Chi si fa queste domande non conosce l’arte contemporanea, e per contemporanea intendo quella che iniziata un secolo fa, con le avanguardie storiche, e soprattutto con Marcel Duchamp, il genio che ha ideato il readymade. Sì, a partire dal famoso orinatoio. Il concetto è semplice: l’arte è un pensiero dell’artista, per cui un oggetto scelto dall’artista diventa opera d’arte. Il punto è: come si diventa artisti?

Su Duchamp sono stati scritti migliaia di saggi, ma dai primi del Novecento possiamo saltare alle neoavanguardie, agli anni Sessanta, al New Dada soprattutto, e precisamente a Piero Manzoni, altro grande artista. Quello conosciuto per le scatolette di merda d’artista, ma poco conosciuto per altre opere, come lo zoccolo del mondo, che altro non era che un grande piedistallo posizionato al contrario (idealmente reggeva la Terra). Ma proprio lo stesso Manzoni nel 1960 realizzò una performance alla Galleria Azimut intitolata “Consumazione dell’arte dinamica del pubblico divorare l’arte” nella quale c’erano uova sode su cui l’artista aveva impresso la sua impronta digitale e il pubblico era invitato a mangiarsele (e lo fece).
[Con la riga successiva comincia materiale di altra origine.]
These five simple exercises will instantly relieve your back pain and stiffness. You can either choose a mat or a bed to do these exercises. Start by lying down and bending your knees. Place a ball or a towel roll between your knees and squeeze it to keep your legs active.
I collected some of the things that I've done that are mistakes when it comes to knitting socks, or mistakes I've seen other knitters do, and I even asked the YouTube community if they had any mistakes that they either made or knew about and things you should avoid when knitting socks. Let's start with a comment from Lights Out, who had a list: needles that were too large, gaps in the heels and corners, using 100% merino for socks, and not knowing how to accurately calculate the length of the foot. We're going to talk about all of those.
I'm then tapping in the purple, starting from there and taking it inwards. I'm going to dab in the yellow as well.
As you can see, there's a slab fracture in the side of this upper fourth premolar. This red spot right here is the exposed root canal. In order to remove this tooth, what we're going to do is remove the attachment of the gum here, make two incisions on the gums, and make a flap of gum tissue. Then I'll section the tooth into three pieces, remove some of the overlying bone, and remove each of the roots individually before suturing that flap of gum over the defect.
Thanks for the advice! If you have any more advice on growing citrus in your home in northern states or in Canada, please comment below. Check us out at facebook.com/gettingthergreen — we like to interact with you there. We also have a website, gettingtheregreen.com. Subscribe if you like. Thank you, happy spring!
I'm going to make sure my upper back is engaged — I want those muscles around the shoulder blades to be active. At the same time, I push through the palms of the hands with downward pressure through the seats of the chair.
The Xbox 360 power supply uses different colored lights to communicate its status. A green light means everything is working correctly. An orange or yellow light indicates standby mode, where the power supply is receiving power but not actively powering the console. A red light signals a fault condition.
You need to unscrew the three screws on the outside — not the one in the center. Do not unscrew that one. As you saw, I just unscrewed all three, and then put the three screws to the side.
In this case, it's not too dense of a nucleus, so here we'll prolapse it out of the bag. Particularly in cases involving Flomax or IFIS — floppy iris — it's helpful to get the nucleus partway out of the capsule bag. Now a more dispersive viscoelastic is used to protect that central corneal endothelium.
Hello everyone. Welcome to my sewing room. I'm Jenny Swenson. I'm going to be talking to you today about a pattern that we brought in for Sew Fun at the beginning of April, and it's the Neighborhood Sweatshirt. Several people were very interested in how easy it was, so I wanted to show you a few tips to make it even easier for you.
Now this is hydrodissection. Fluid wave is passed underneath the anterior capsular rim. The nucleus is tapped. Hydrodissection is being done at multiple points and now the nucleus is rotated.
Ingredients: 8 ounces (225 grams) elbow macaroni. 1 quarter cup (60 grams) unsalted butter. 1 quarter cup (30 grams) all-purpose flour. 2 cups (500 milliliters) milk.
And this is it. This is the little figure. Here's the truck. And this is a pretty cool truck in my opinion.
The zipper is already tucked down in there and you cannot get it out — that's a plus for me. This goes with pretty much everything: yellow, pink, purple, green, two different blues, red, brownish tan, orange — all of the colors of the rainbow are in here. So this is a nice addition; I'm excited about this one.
Sempre in quegli anni, Joseph Kosuth espose un piedistallo con “cinque cubetti di ghiaccio lasciati sciogliere”, inutile dire che c’era solo il piedistallo.

Nell’arte contemporanea l’opera è fatta di pensiero, ma Duchamp stesso mise un guardia gli artisti: "Nella mia vita avrei potuto fare migliaia di readymade, invece sono poco più di una trentina», perché la limitazione era legata proprio al pensiero che c’era dietro l’opera". Ma quindi, questa banana?

Anzitutto viene meno l’essenzialismo dell’opera (come però nel caso di Manzoni), ossia di comprare e detenere esattamente quell’opera, perché la banana va sostituita (con una qualsiasi banana), e viene fornito anche del nastro adesivo per riappenderla al muro. Che sarà un’altra banana, e dell’altro nastro adesivo, per cui l’opera diventa il certificato di autenticità dell’artista che autorizza il proprietario a attaccare al muro la vera banana di Cattelan anche se sarà sempre un’altra. Per chi non lo sapesse, l’essenzialismo è la qualità speciale che attribuiamo a un particolare oggetto rispetto a altri. Un esempio che fa spesso il nostro più importante neuroscienziato, Giorgio Vallortigara: se hai un Van Gogh originale a casa ti emozioni nel guardarlo, tuttavia se venissi a sapere che è una copia non ti piacerebbe più. Perfino se riproducessimo il quadro molecola per molecola, tanto da renderlo indistinguibile anche chimicamente, si continuerebbe a preferire l’originale. In termini assoluti è una forma di suggestione.

È proprio su questo che gioca l’opera di Cattelan (sebbene non è che sia proprio una novità, però se riesci a venderla a sei milioni l’operazione è riuscita, anche artisticamente), il miliardario cinese stesso può sentire non solo di possedere un’opera d’arte, anche di sentirsi un’opera d’arte, quando mangia la banana. Molti staranno pensando: «Avrei potuto farla anch’io», sì, è questo un altro argomento, ma nessuno l’avrebbe comprata, e non sarebbe mai finita né in una mostra né in un’asta milionaria. Andy Warhol stesso scrisse che l’opera è fare affari, ossia entrare in un contesto mediatico e far diventare quello che fai qualcosa di mitico.

Cattelan si è burlato dell’arte? Può darsi, ma tutta l’arte contemporanea nasce da questo presupposto, anche il famoso orinatoio di Duchamp, come tutti i suoi readymade degli anni Dieci (lo scolabottiglie, la ruota di bicicletta, ecc) furono persi, per poi essere riprodotti dal gallerista Arturo Schwarz su consenso del vecchio Duchamp. Perché non furono conservati? «Perché per me all’epoca l’orinatoio era uno scherzo» disse Duchamp. «Ma la storia li ha resi una cosa seria. In fondo è accaduto lo stesso anche con le religioni».